# Leiria



## callagh (Jan 1, 2014)

Hi!
We are moving to Portugal in August and are renting a house in Peniche while we search for one to buy. We favour Caldas da Rainha, but want some land.
What experiences do others have of living there or in other parts of Leiria?


----------



## DREAMWEAVER1 (May 28, 2013)

Depending on how much land you require,you might be better off looking further inland to Central Leiria,plenty of landed property to choose from,but again it depends on your circumstances,do you require new build,a restoration project,land to build your own property,do you intend to farm the land,so many variables,but one thing is certain,central Portugal is a lot cheaper than coastal Portugal,either way good luck with your search.



David


----------



## callagh (Jan 1, 2014)

Thanks.

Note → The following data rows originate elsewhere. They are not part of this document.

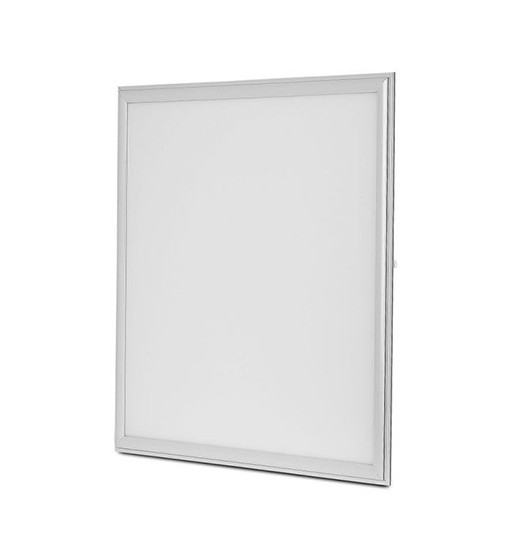 panou led samsung cip 29w 600 x 600 mm 4000k cod: 20047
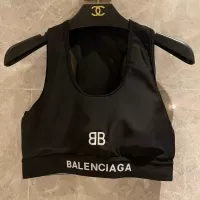 $39.00 USD Balenciaga Bathing Suits For Women #1332166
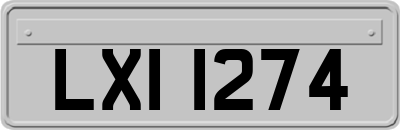 LXI1274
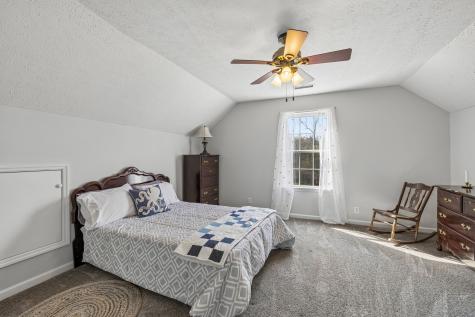 11155 Bunker Hill Road Rockvale TN 37153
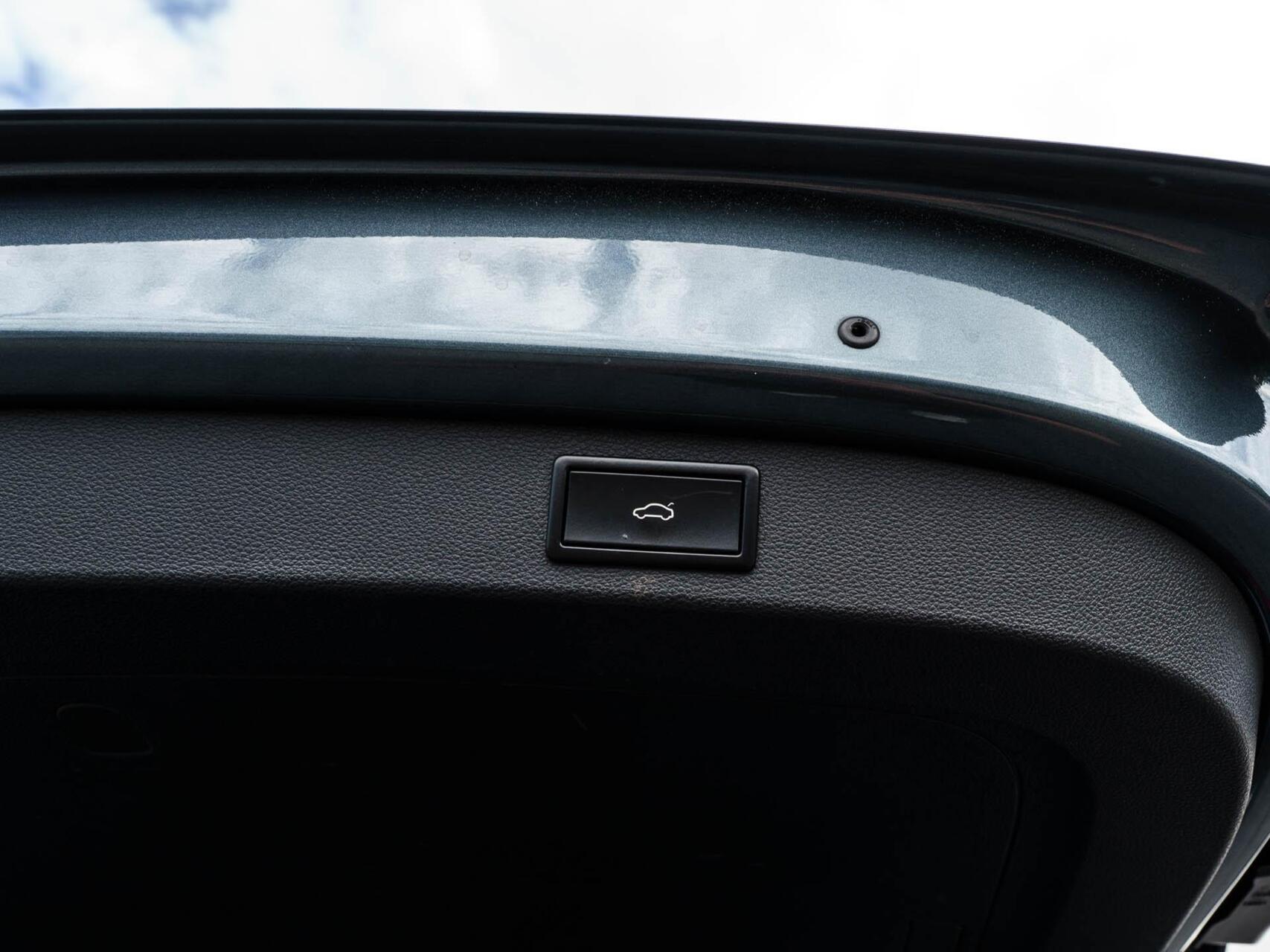 Foto van Skoda Kodiaq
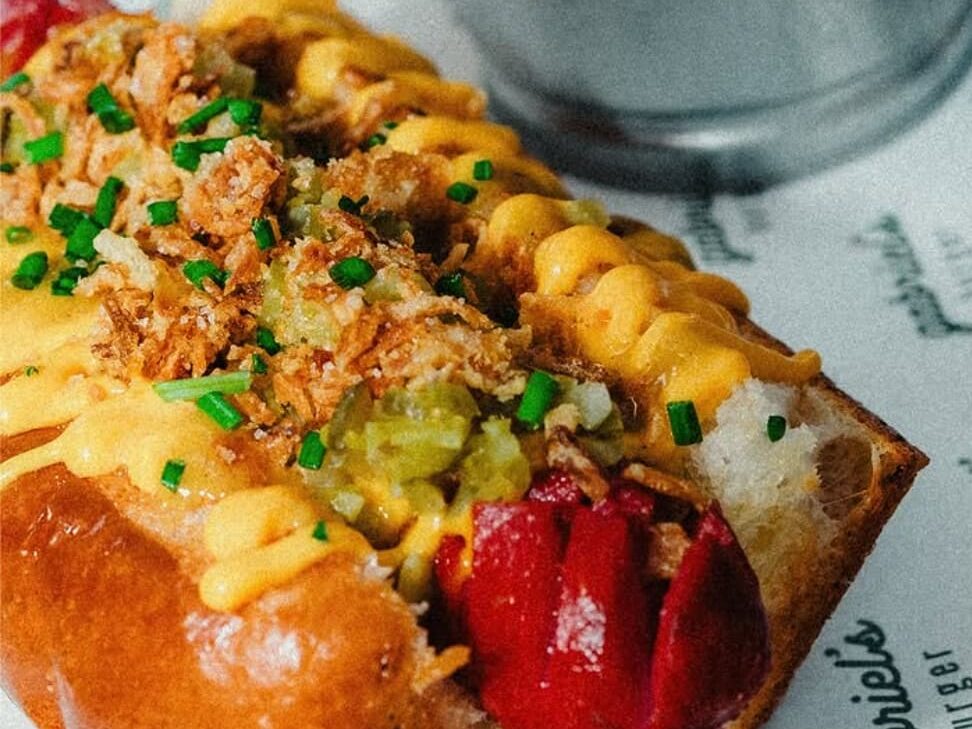 Mutlaka Denemeniz Gereken Maslak Mekanları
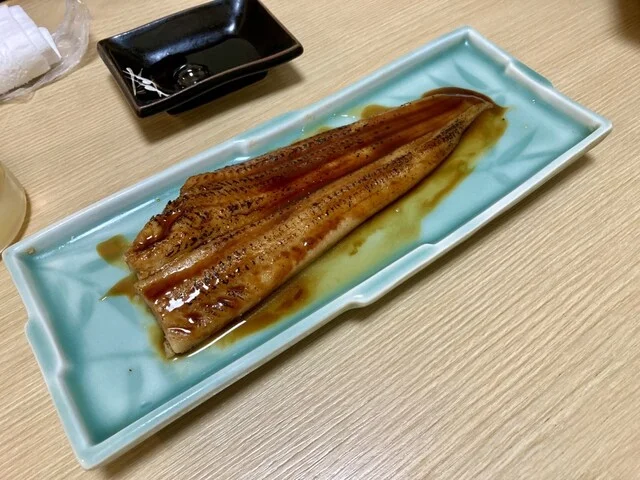 おたる 魚亭（うおてい） - 小樽（寿司）の写真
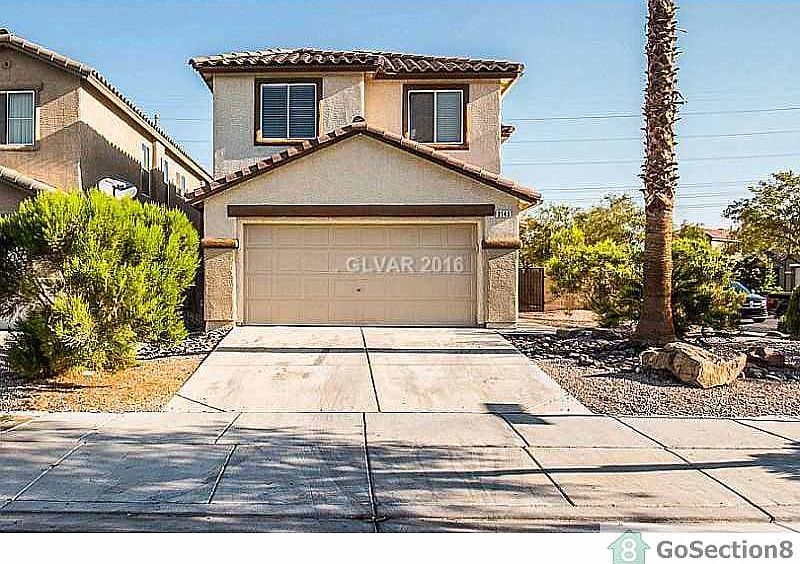 1st image of 3148 Manti Peak Ave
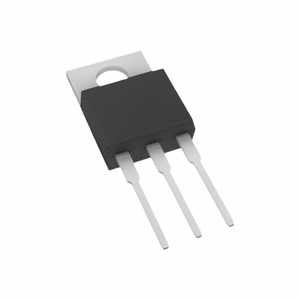 In Stock TO-220-3 V20200C-E3/4W Electronics Component Diode Arrays - Product Image 1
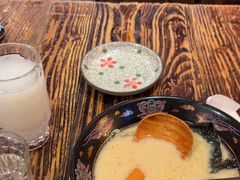 -平成屋· Late Night 食堂(四川北路店)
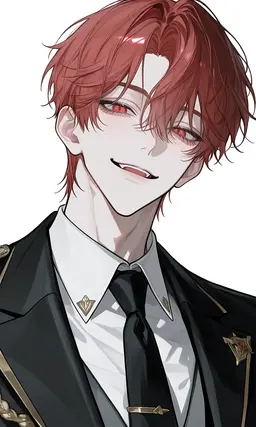 Profile image of 豹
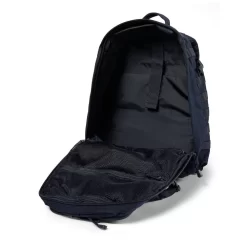 5.11 Tactical RUSH24 2.0 Backpack 37L. -We Bring Outdoor tactical gear shop to Life. USPT BG1820 DKNV 1500 7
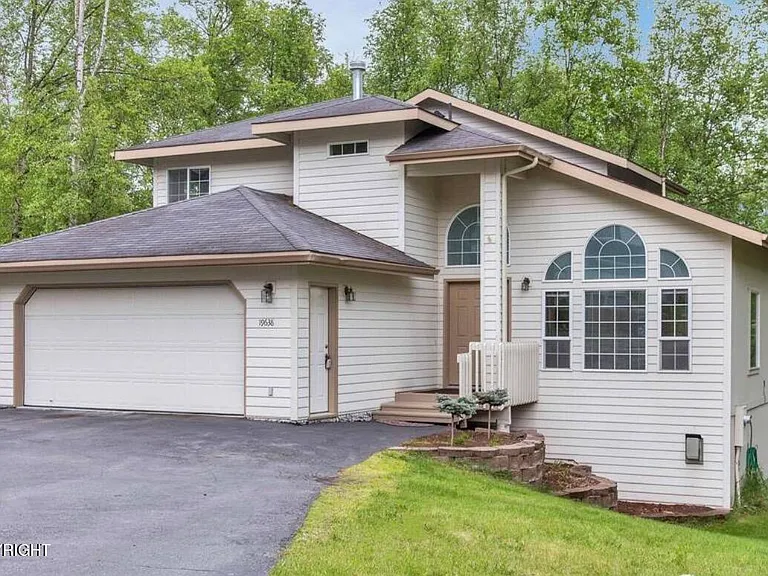 19638 S Mitkof — Photo 1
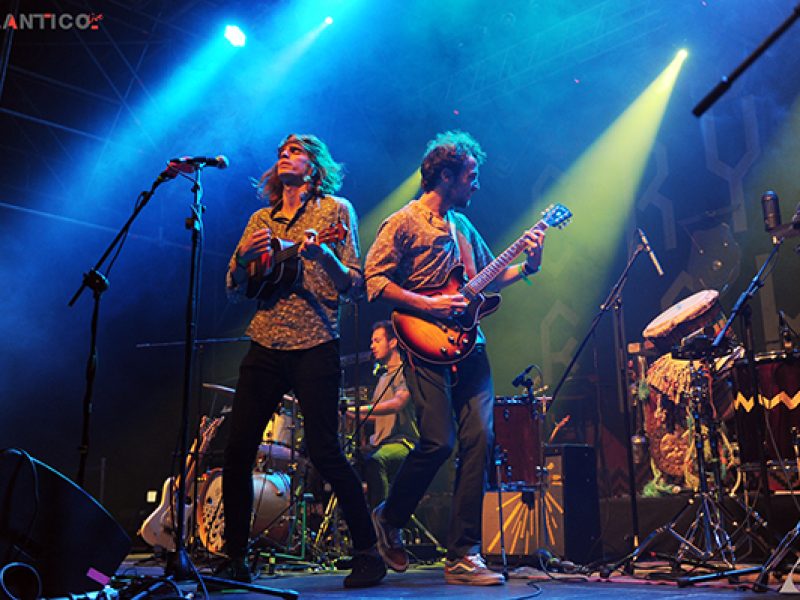 CRYSTAL FIGHTERS & BOXERING CLUB08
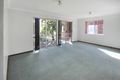 Property photo of 13 Elanora Drive Lake Cathie NSW 2445
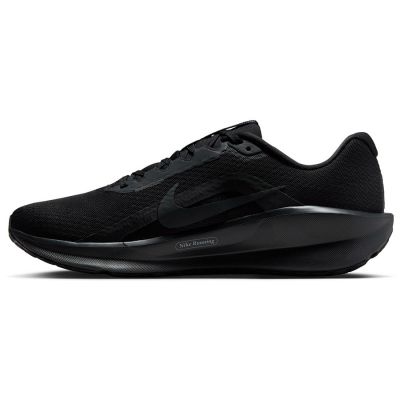 3. Nike Downshifter 13 M FD6454-003 Schuhe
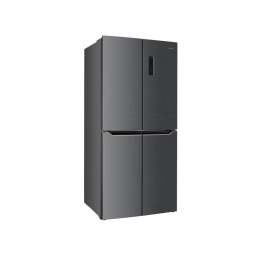 Refrigerador 472 lts FUTURA  Inverter 4 PUERTAS FUT-MP470NF-XIN 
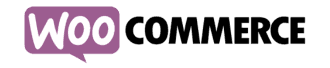 woocommerce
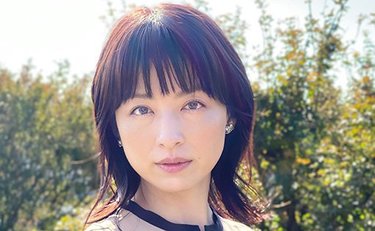 「娘の漢字テストが私のプレッシャーに」平井理央アナの最近解決した子育ての悩み 「宿題が親子のふれあいの時間に」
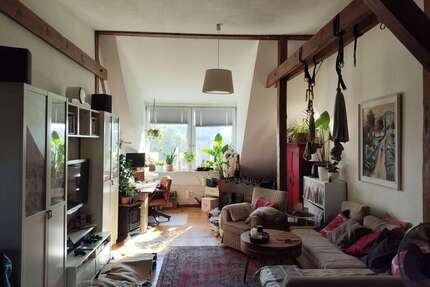 Wohnung zum Kaufen in Berlin 349.000,00 € 129 m²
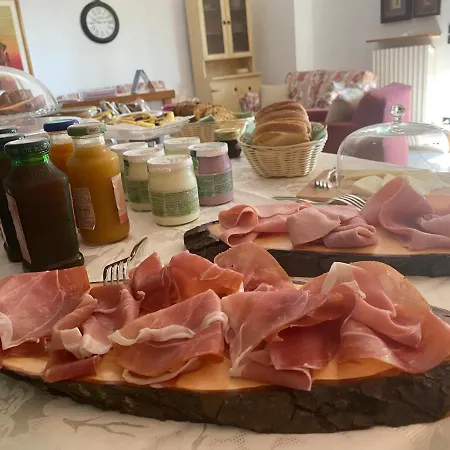 Pi.lu. Borgo (Marche)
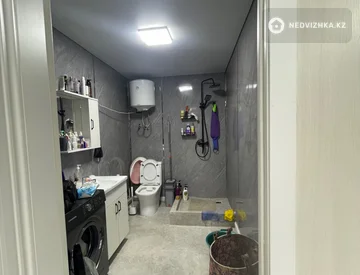 3-комнатная дача, 7 соток, 100 м², миниатюра 7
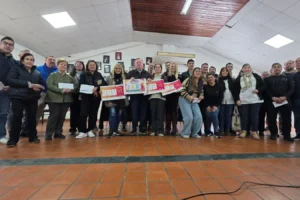 aportes instituciones ceres 1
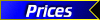 garage door opener remote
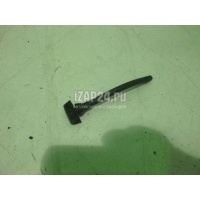 Форсунка омывателя лобового стекла Renault Koleos (HY) (2008 - 2016) 289309838R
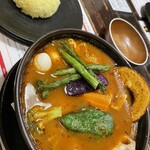 ラマイ 函館五稜郭店 - 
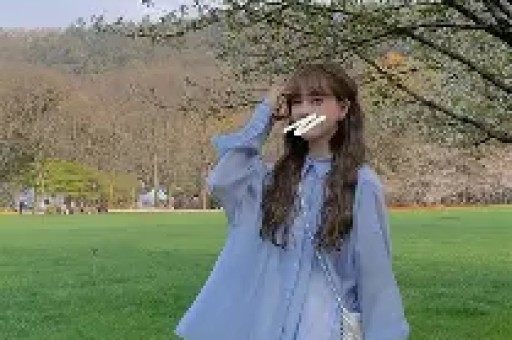 1天曝3大瓜！顶流女星签协议、约会激吻、知三当三各个炸裂
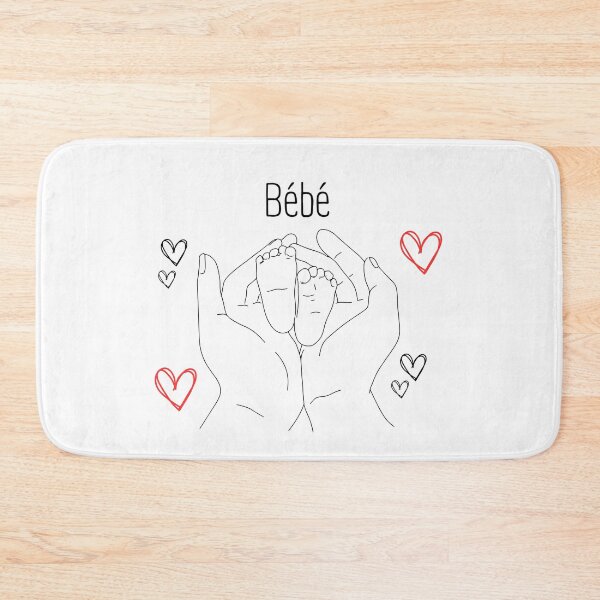 Item preview, Bebe Fitted V-Neck T-Shirt designed and sold by karim00.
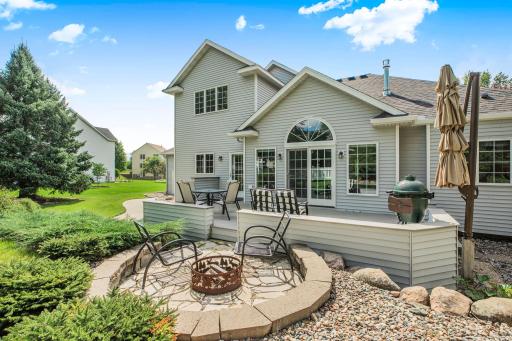 1609 26th Street SE, Saint Cloud, MN 56304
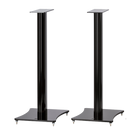 Elac LS 30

We are going to investigate the more central parts, but want to be in a community and close to a town.
We want a 'moradia usada' and want enough land for growing veg, chickens and a small pool.
We will buy as soon as we can, but have a rental property while we look.
Jane


----------



## DREAMWEAVER1 (May 28, 2013)

The central Portugal areas will fulfil your requirements with ease,and most areas,have the benefit of a small,but scattered expat population,so not breathing down your neck,but there to assist if required,you can also attend community occasions should you wish,best of both worlds really,we retired here,near Ansiao in 2013,not regretted one minute,one of our best life choices we think,I wish you the same luck with your decision,no matter where you choose.



David


----------